- WHAT NEEDS TO BE DONE
Wherever a line in the data holds the word "with", pull that line out.

- ENTRIES SUPPLIED
——
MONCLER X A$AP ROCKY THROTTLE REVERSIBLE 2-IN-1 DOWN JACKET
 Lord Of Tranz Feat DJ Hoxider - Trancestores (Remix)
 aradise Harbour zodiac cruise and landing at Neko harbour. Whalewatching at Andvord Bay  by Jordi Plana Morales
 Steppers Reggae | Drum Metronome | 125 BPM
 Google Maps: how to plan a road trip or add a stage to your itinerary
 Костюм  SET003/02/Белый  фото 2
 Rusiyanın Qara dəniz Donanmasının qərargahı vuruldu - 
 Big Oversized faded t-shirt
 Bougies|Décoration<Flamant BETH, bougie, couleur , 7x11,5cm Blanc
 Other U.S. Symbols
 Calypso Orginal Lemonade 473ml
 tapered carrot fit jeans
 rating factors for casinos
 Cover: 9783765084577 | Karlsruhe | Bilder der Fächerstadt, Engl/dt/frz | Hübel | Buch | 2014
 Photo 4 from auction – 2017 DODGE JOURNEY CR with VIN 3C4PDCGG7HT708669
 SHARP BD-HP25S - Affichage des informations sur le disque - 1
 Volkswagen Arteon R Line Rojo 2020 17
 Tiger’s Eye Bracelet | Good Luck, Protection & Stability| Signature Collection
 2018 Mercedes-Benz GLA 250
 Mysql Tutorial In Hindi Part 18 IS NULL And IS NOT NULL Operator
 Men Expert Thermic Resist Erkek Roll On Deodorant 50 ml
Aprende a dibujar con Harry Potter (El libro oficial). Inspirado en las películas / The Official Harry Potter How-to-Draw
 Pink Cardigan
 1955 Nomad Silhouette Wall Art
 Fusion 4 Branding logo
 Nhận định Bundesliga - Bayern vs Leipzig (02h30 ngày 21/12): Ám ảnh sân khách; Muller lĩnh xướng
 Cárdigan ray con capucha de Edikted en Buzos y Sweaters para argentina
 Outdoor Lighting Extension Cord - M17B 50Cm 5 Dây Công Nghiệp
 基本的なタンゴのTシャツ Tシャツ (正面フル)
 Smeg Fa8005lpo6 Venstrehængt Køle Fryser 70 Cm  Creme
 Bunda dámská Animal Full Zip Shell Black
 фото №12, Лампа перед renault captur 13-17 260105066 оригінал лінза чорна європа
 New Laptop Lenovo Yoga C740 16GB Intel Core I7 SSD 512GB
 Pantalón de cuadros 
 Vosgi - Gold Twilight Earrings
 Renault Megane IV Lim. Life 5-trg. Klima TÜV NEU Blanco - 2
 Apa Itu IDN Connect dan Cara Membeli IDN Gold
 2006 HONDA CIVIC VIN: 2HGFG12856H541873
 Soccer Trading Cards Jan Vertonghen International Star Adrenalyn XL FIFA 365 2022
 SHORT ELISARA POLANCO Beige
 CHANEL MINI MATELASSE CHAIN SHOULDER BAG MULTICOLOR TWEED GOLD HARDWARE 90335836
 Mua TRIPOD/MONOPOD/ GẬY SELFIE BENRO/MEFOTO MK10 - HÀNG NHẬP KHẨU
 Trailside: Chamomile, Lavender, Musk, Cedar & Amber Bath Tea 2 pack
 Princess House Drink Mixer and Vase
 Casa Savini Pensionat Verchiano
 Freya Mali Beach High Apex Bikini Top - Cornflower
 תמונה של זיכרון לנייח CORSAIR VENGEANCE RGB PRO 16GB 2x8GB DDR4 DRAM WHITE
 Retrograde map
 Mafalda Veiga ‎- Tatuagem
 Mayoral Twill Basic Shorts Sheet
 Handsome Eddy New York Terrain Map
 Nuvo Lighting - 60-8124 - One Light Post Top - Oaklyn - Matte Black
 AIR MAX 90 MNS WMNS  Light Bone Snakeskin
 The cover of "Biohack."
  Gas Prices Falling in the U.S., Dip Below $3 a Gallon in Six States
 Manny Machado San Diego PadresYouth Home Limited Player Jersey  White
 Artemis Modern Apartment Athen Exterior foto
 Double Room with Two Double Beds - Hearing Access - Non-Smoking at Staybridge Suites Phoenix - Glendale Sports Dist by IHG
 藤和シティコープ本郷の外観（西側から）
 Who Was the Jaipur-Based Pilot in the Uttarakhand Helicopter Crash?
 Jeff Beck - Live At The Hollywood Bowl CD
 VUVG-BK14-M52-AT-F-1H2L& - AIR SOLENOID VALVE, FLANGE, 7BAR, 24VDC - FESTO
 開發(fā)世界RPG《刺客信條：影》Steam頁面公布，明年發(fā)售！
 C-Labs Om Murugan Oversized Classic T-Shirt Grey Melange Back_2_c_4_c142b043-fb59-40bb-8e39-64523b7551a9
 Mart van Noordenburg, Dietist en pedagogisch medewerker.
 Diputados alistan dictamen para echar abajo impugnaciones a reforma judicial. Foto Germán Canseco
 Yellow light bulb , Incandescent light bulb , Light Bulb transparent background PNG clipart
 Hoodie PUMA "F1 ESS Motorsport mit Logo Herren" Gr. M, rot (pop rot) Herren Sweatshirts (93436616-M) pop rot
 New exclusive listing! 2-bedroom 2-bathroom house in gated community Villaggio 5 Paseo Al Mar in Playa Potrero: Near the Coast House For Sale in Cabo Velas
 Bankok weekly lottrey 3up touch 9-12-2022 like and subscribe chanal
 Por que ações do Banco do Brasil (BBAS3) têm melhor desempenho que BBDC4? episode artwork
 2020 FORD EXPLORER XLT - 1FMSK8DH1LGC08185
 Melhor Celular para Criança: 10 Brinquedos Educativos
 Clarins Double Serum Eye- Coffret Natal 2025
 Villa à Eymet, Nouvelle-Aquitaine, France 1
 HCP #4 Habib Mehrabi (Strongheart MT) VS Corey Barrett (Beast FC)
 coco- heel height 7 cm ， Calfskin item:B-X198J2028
——
- WRITTEN RESPONSE
 Photo 4 from auction – 2017 DODGE JOURNEY CR with VIN 3C4PDCGG7HT708669
 Double Room with Two Double Beds - Hearing Access - Non-Smoking at Staybridge Suites Phoenix - Glendale Sports Dist by IHG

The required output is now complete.